Last weekend, Scotland’s feminist organisation Engender launched its Gender Matters Road Map at Scotland’s Feminist Future, a two-day conference in Glasgow. The Road Map is a plan for action designed to significantly reduce gender inequality by 2030, and one of its key aspirations is for “a media full of women’s voices”.
Here’s what it has to say on representation, which has been a key focus for Women in Journalism Scotland since our group’s establishment last year:
Men’s over-representation across the media and creative industries is reflected in widespread stereotyping of women and lack of gender balance in print, on the airwaves and on screen. The portrayal of women across media, popular culture and the arts is damagingly limited, especially for disabled women, minority ethnic women, older women, lesbian, bisexual and trans women.
Both the media and creative industries have immense power to shape the way society views women’s worth and both play a part in perpetuating damaging gender stereotypes which undermine women’s equality. Creativity is not dependent on gender and yet there is marked under-representation of women both in production and visible roles.
So how can we work towards solving these problems? Engender proposes that “the Scottish Government, Creative Scotland and other bodies should work together to”:
- Creative and resource a Scottish “Women in Media Body”
- Use data to create benchmarks of portrayals of women and women’s participation
- Enable gender balance in employment and diversity in representation via public funding programmes and media regulation
The good news is that Scotland already has a women in media body: Women in Journalism Scotland! And we’ve already started working on increasing women’s representation, with training focused on boosting women’s representation on TV and radio and plans for registers to help connect editors not only with media professionals but ultimately also with women experts in other fields.

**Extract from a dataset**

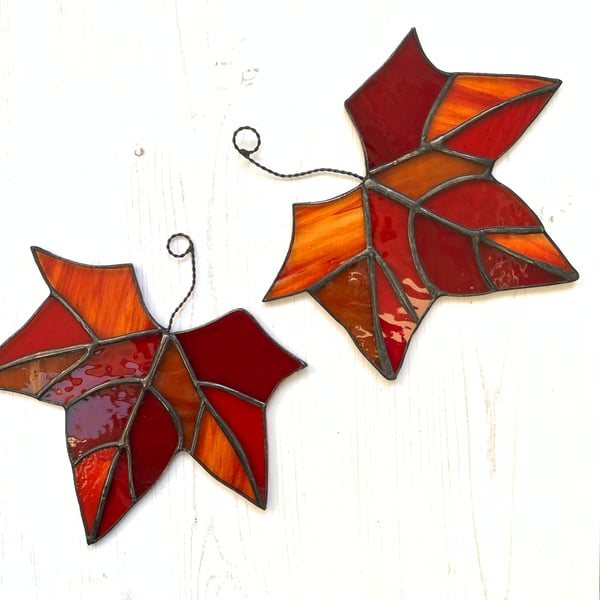 Stained Glass Maple Leaf Suncatcher - Handmade Hanging Window Decoration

In a workshop at the conference titled “Bras in the Tardis”: What could a women in media body look like?, the discussion focused on two areas: how women’s representation can be monitored, and what tools will be needed to improve the make change. Women in Journalism Scotland would like to carry on this conversation – what form of monitoring do you think would capture gender-equality deficits in the Scottish media and what tools do you think we need to make positive change?
Monitoring
The Global Media Monitoring Project carries out a survey of news media once every five years, relying on an army of volunteers in countries around the world
In recent years Women for Independence have carried out their own smaller-scale monitoring exercise, #WFIMediaWatch
What should we seek to monitor? Is it enough to count bylines in publications, or the number of women contributors to discussions on TV, radio and podcasts – or do we also need to look at the number of columns inches or broadcast minutes? Perhaps we need to ask what women are writing and talking about, and what prominence their voices are given.

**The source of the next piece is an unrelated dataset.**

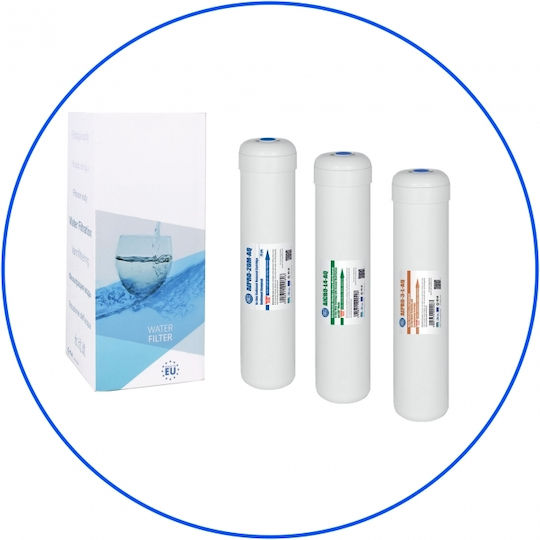 Aqua Filter Ersatz-Wasserfilter für unter der Arbeitsplatte aus Aktivkohle 12" Excito-HF-CRT 3Stück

Should the focus be on women journalists and experts, or should monitoring be widened to look at how women are represented in news stories, features, documentaries, and works of fiction? In all of these forms of media, are we interested in monitoring how often women appear, are quoted or are mentioned, or do we also want to analyse what gendered messages are being communicated by the use of adjectives, images or maybe even camera angles?
Tools
Ideas proposed included: a media literacy toolkit; a feminist fact-checking service; guidance for media organisations similar to Zero Tolerance’s Handle with Care guide; and an app to crowd-source evidence of gender bias on panels.
As is necessary in virtually any conversation about women in media, the problem of online abuse and harassment was raised. This, along with women’s reluctance to view themselves as “experts”, was cited a a key reason why women may not put themselves forward to appear in the media, or may decline an invitation to contribute. In light of this, who should take or share responsibility for supporting women in dealing with any backlash? The media organisations themselves? Unions? Employers such as charities, universities and trade organisations? It may not be possible to completely mitigate against the negative consequences of women putting their heads above the parapet, but we can certainly try.
What do you think? What kind of media monitoring would you like to see in Scotland, and what tools do you think are required to a) increase the number of women represented and b) tackle sexist representations of women more generally?